Голос у Дарти был тихий и мягкий, и когда он говорил, то речь его, то плавная и неспешная, то живая и выразительная, завораживала.
— Тогда… — Элиса снова обвела взглядом расстилающийся перед ней хорошо знакомый пейзаж. — Тогда… Тогда уедем отсюда! Я хочу начать новую жизнь!
Глава 4
С тех пор, как Элиса поселилась в доме мужа в Кардаполе, миновало много лет. Она больше не бывала в Ортвейле. Она не пыталась возрождать старые воспоминания. Скромный Лийск, где доживали свой век ее мать и дядя, тоже ее не привлекал. Но в Хардоне Элиса гостила часто.

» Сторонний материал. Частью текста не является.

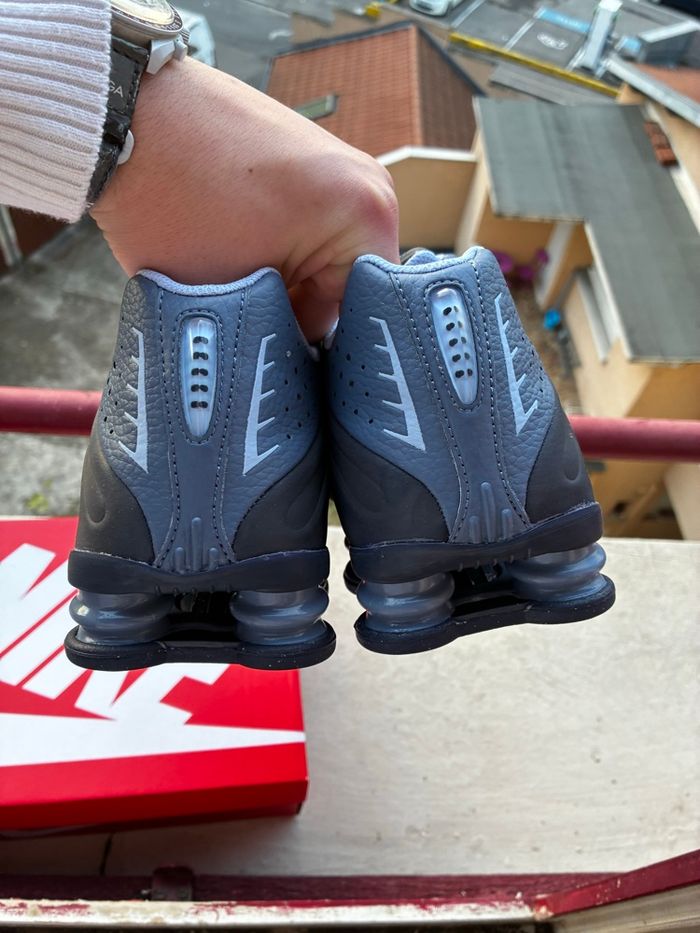 Nike Shox R4 Obsidian/Diffused Blue/Aluminum - photo numéro 6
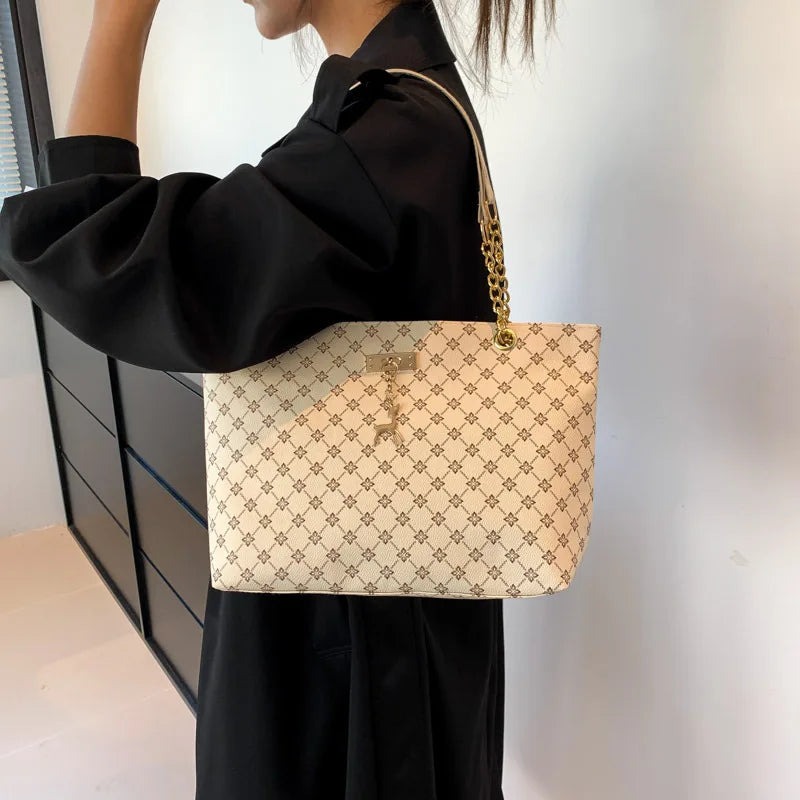Nuevo bolso de presbicia con textura de cuero suave, bolso de mano de gran capacidad para mujer con accesorios colgantes, bolso de hombro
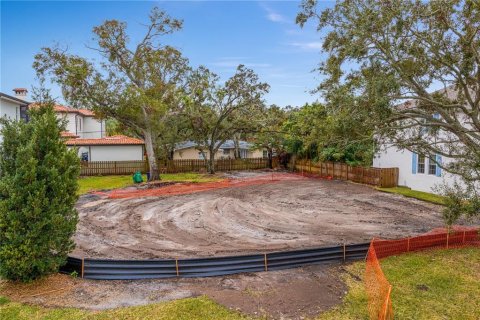 Casa en venta en Tampa, Florida, 5 dormitorios, 418.9 m2 № 1573141 - foto 16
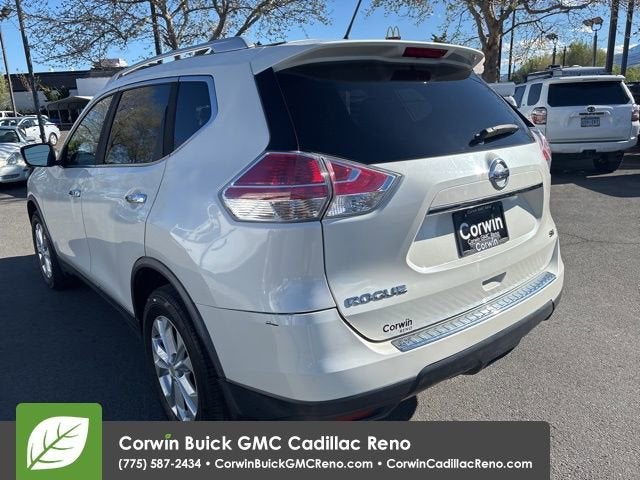 2016 Nissan Rogue SV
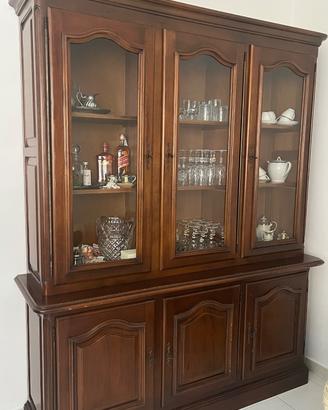 Credenza in legno massello color noce con vetrina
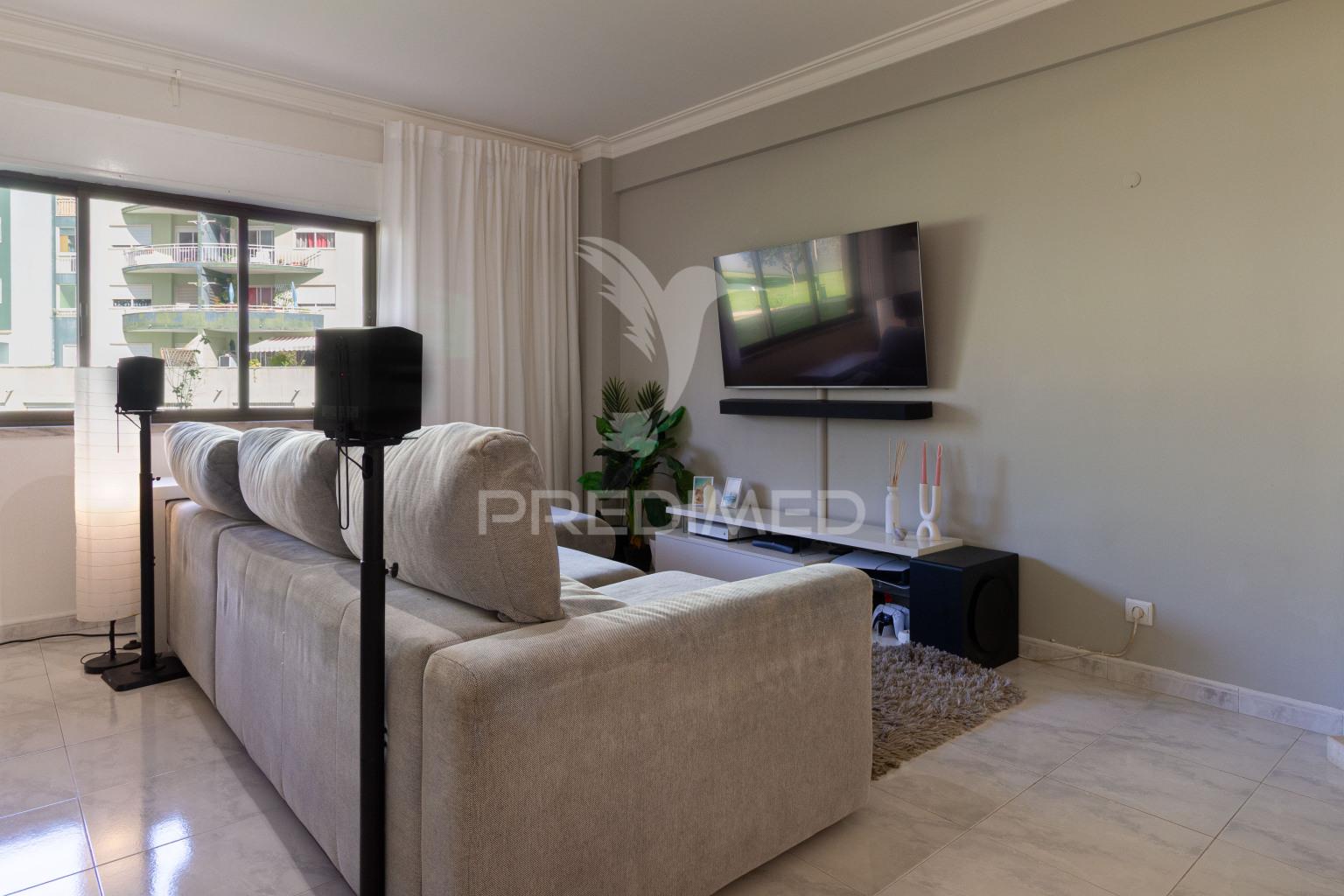 T2 cacém – rés-do-chão alto perto de transportes, escolas e comércio local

Элиса не забыла, что именно Ровина и ее муж в трудную минуту пришли ей на помощь, что только благодаря ним Элиса может смотреть людям в глаза, может жить свободно, не опасаясь, что постыдная тайна опозорит ее.

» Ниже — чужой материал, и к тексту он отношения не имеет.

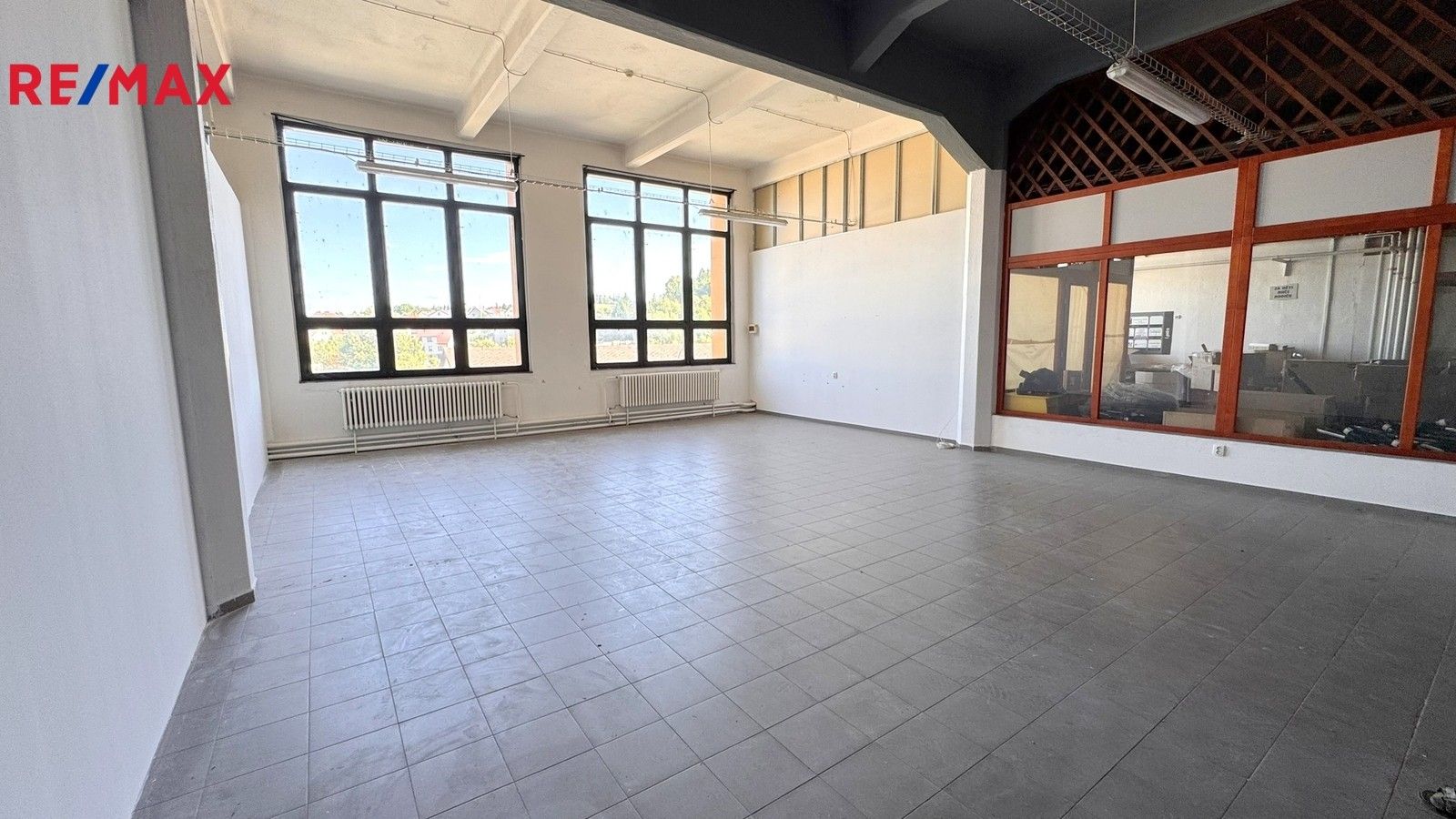 Pronájem obchodní prostory - Křemešnická, Pelhřimov, 84 m²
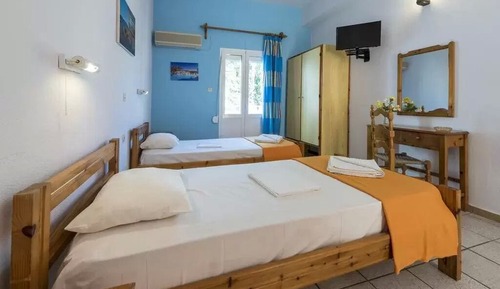Studio (Budget, 2-3 adults)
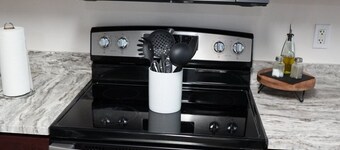 Peaceful Lehigh Duplex, 185+ 5 star Clean & Comfortable Stays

Но не только чувство благодарности приводило Элису в Хардон. Она давно уже нуждалась в том тепле и участии, которое она неизменно получала в семье своей кузины, ей нужны были и Ровина с ее внимательностью и лаской, и Хорвин с его суровым сочувствием. С какого-то момента Элисе стала нужна и Юлита.
Юлита была похожа на свою родную мать и, одновременно, не похожа. От Элисы она унаследовала правильные черты лица, черные прямые волосы и темный цвет глаз. Однако все, что у матери выглядело ярким, броским, выставленным на показ, у дочери казалось скромным и едва заметным. Элиса была высокой и статной, Юлита — маленькой и худенькой. Щеки Элисы сверкали румянцем, Юлита была бледной. Руки и плечи Элисы были округлы, юлитины — угловаты. Даже глаза Юлиты такие же большие, миндалевидные, как у матери, выглядели меньше из-за привычки прятать их под длинными ресницами.

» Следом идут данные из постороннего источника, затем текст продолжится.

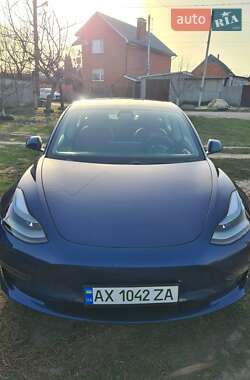 Седан Tesla Model 3 2021 в 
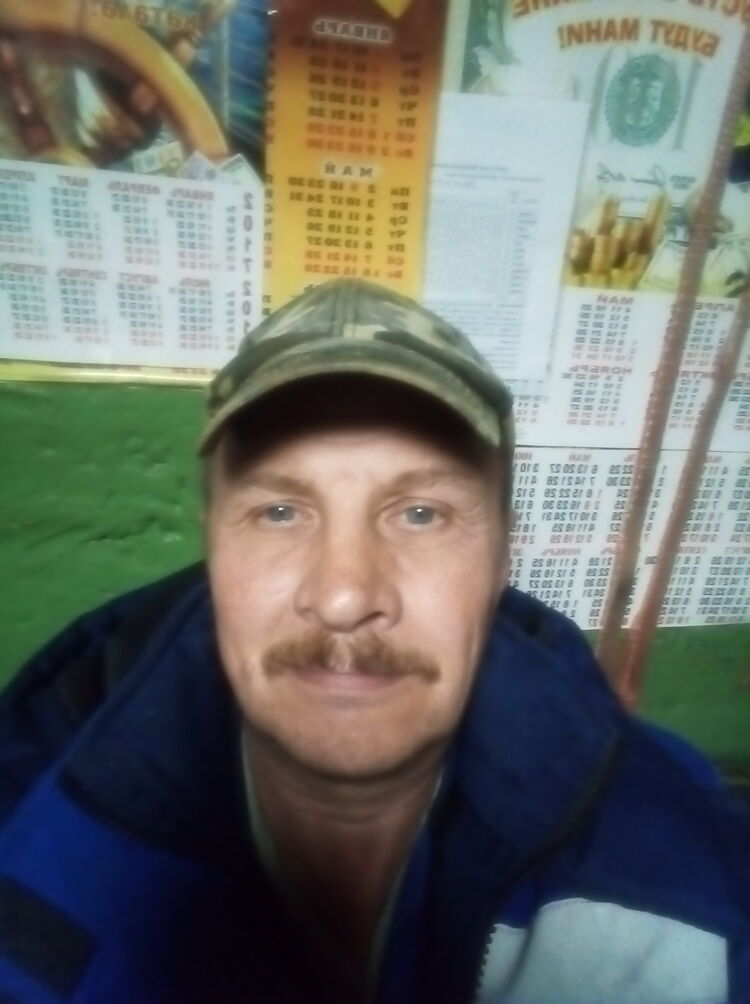  24351638  , 61 ,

Элиса пыталась научить Юлиту тому, что хорошо умела делать сама — всеми возможными способами привлекать к себе мужское внимание. Но присущая девушке болезненная застенчивость делала ее уроки бесполезными.
Однако в последний приезд Элису ожидала хорошая новость — она узнала, что у Юлиты появился поклонник.
…
Айтон Дарагон взял Юлиту на абордаж, не обратив внимания, даже не заметив испытываемых девушкой чувств неловкости и стеснения. Айтон вел себя по принципу: «Вот ты, вот я, я выбрал тебя, ты теперь моя». Юлита покорилась. Обычную скованность вскоре сменило новое для нее ощущение успокоения. Ее выбрал самый энергичный, самый ловкий, самый смелый из всех окружавших ее молодых людей. Она чувствовала себя под его защитой.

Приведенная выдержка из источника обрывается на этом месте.